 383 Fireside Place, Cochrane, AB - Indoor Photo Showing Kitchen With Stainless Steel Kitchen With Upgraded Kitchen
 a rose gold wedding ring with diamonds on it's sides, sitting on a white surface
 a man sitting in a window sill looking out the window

* * *

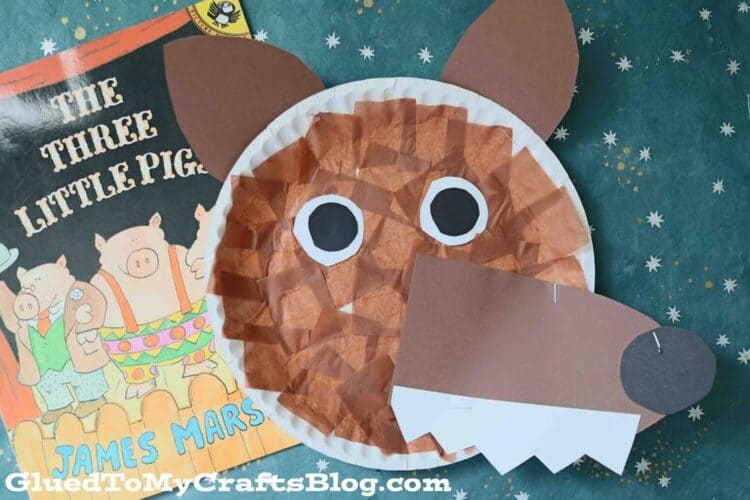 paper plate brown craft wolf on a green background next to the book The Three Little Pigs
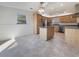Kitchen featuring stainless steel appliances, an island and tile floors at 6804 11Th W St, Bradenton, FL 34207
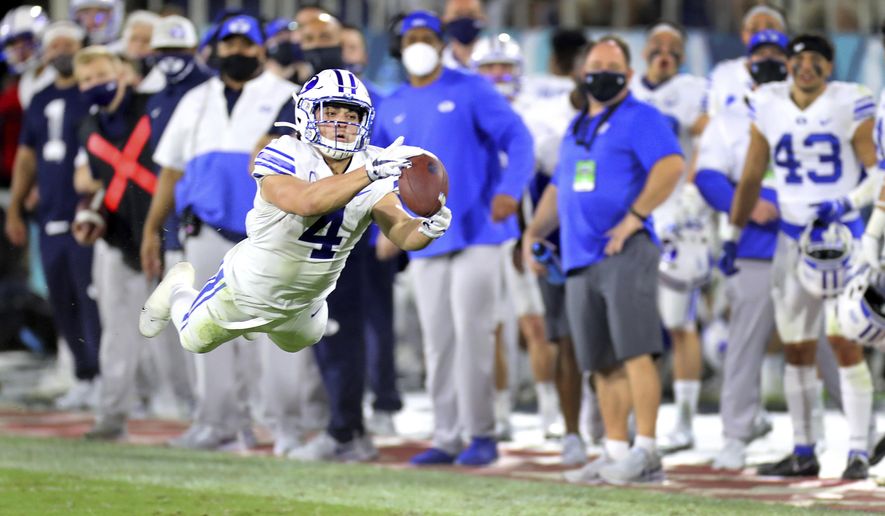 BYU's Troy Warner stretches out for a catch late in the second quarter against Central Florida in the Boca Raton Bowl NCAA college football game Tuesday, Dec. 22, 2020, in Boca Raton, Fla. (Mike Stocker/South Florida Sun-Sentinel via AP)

--

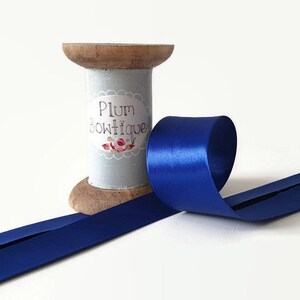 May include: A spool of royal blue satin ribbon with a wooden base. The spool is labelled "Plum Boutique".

◆ **EXERCISE REQUIREMENTS**
What to print is the stretch of entries from the line with "paper plate brown" up to and including the line with "BYU's Troy Warner". Please print it exactly and leave out the pictures.

◆ **ANSWER FOR THE TASK**
 paper plate brown craft wolf on a green background next to the book The Three Little Pigs
Kitchen featuring stainless steel appliances, an island and tile floors at 6804 11Th W St, Bradenton, FL 34207
 BYU's Troy Warner stretches out for a catch late in the second quarter against Central Florida in the Boca Raton Bowl NCAA college football game Tuesday, Dec. 22, 2020, in Boca Raton, Fla. (Mike Stocker/South Florida Sun-Sentinel via AP)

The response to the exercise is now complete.